_About this exercise_:
Set down the data again word for word. Skip any pictures.

_Raw data_:
::::::::

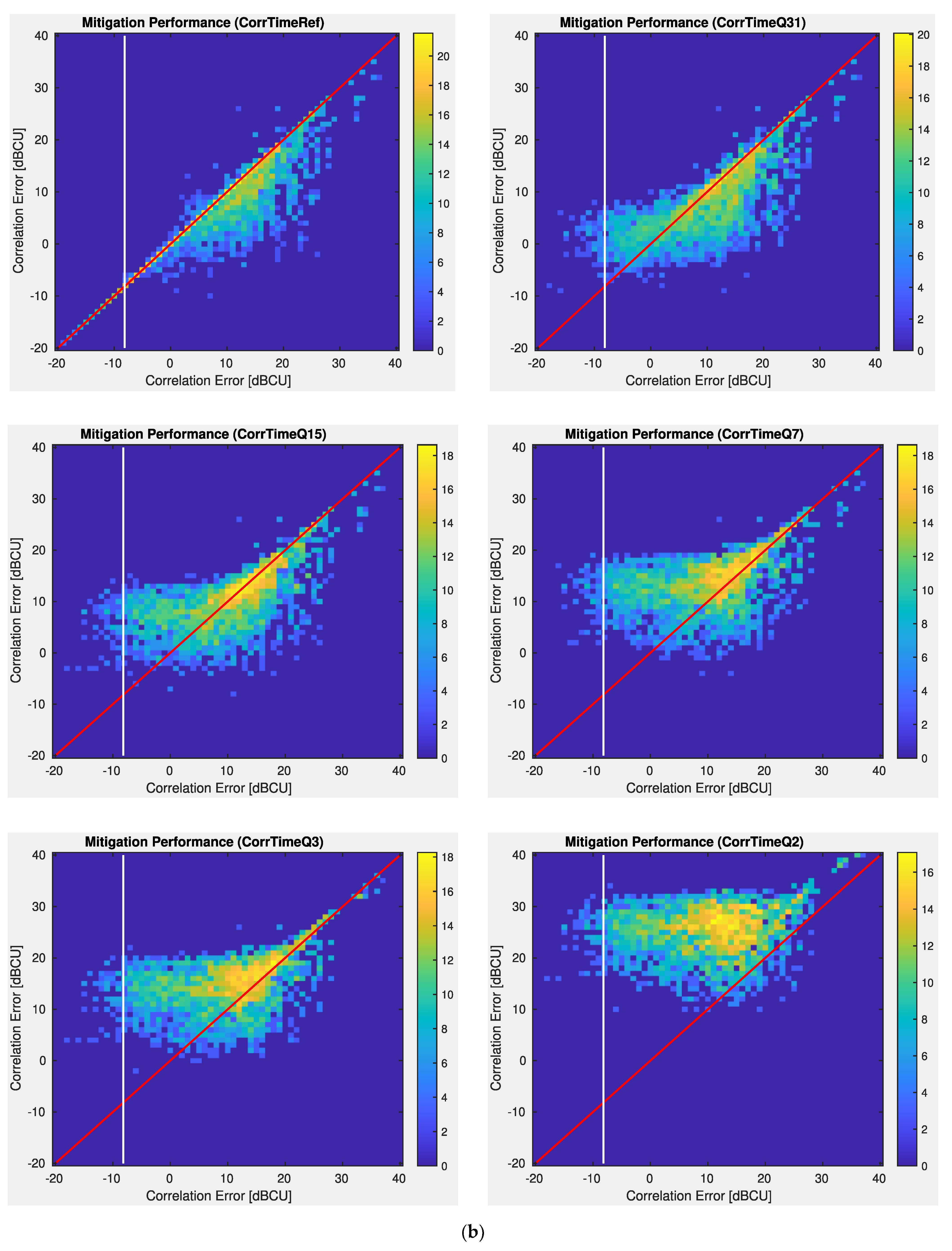 Remotesensing 14 04672 g009b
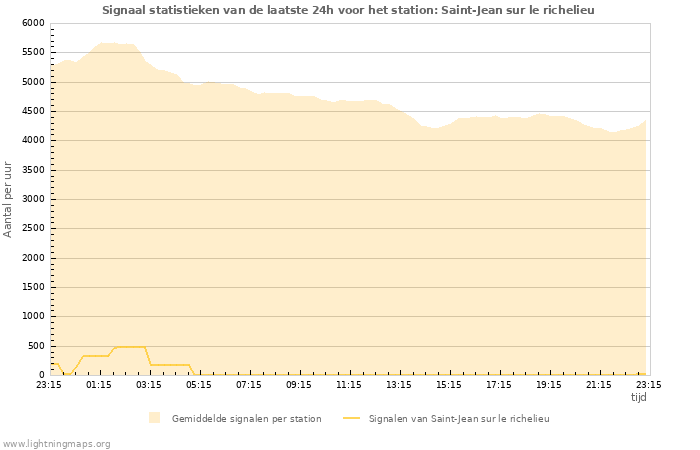 Grafieken: Signaal statistieken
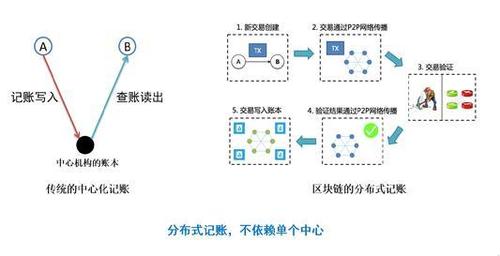 区块链账本怎么运作的啊-第1张图片-高峡链闻网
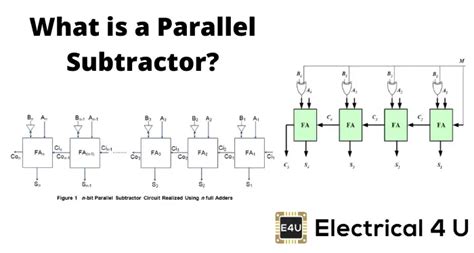 4 Bit Parallel Adder Circuit Diagram - IOT Wiring Diagram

::::::::

_Exercise output_:
 Remotesensing 14 04672 g009b
 Grafieken: Signaal statistieken
 区块链账本怎么运作的啊-第1张图片-高峡链闻网
 4 Bit Parallel Adder Circuit Diagram - IOT Wiring Diagram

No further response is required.